The fact it uses JavaScript, meant I could get an app working incredible
quickly. Even, if you are only developing for iOS or Android, I think that
Titanium would help you a lot if your Java or Objective C knowledge is minimal
(like me). It depends what you're comfortable with I guess.

I'd second the point that Titanium isn't 100% write-once, run-anywhere. You'll
certainly get a lot of reuse between your app for iOS and Android if using
Titianium, but you'll have to tweak your code for each platform. I'm still a
big fan however.

I tried writing an app using JQuery Mobile, with plans to deploy within
Phonegap. To be honest, the performance just isn't good enough. Since Titanium
builds the app using native components, then it's so much more slick.
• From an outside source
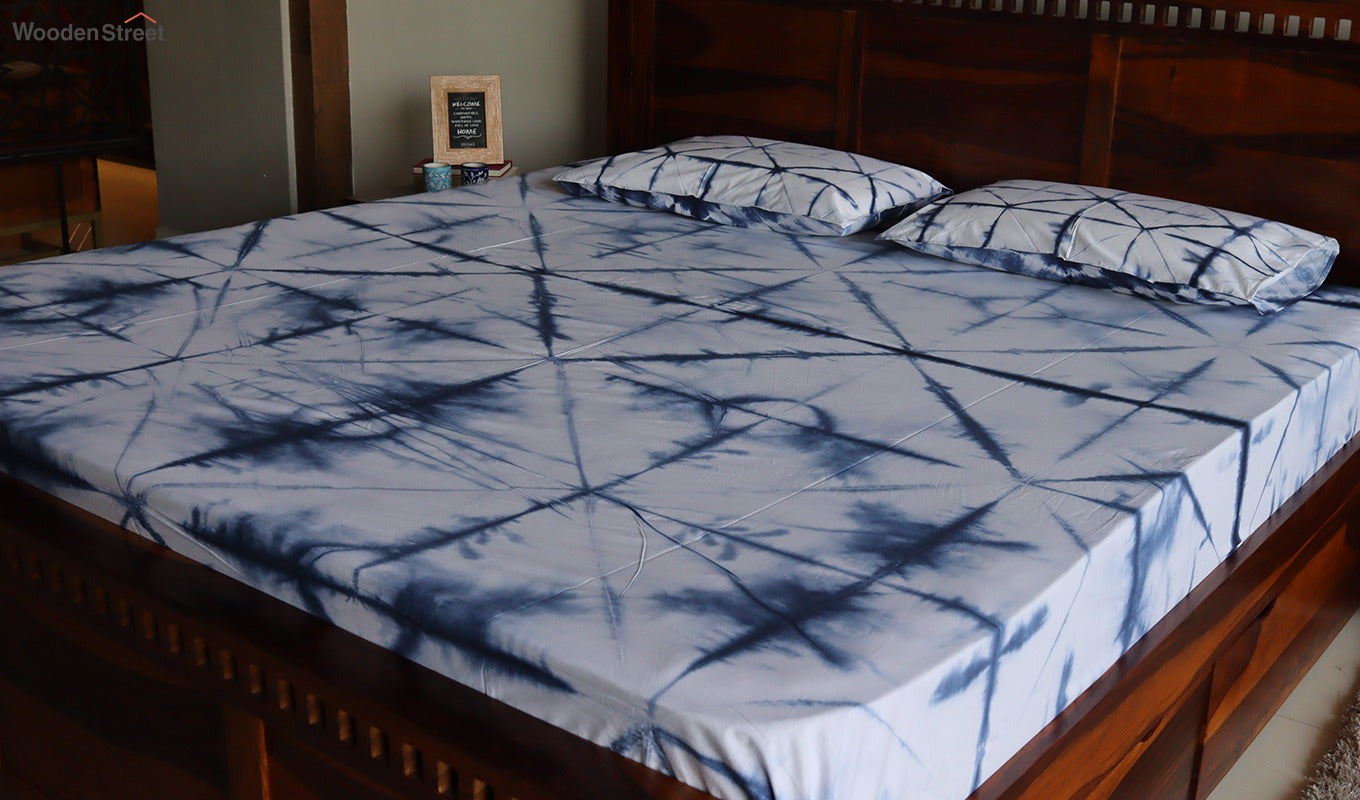 Tie and Die Indigo Contrast Double Bed Sheet with Pillow Covers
I do love JQuery Mobile still however, and will definitely keep what I have
for the actual Mobile Web UI.

NB. Titanium also seems to compile to a Mobile web version, but I couldn't get
that working. I might look into that more in future.

------
strick
I used appcelerator titanium to build iOS and Android versions of an app,
primarily using javascript. It worked pretty well, although you still have to
code for some platform differences. I prefer this approach to working with
Java. I have coded some in java and would like to have those hours of my life
back, thanks.

Appcelerator the company has not been great to work with. I paid $50/mo for an
individual account, they did away with that plan and made it free, but kept
charging me the $50 every month. There was no web interface to downgrade. I
had to contact them multiple times to fix this. This might be due to growth
and being stretched thin as opposed to maliciousness, but it left me with a
very bad taste in my mouth.

The app has been downloaded thousands of times and has good reviews so I think
it gets the job done. I built it for a gov entity, so contact me via my
profile if you want to know more about it.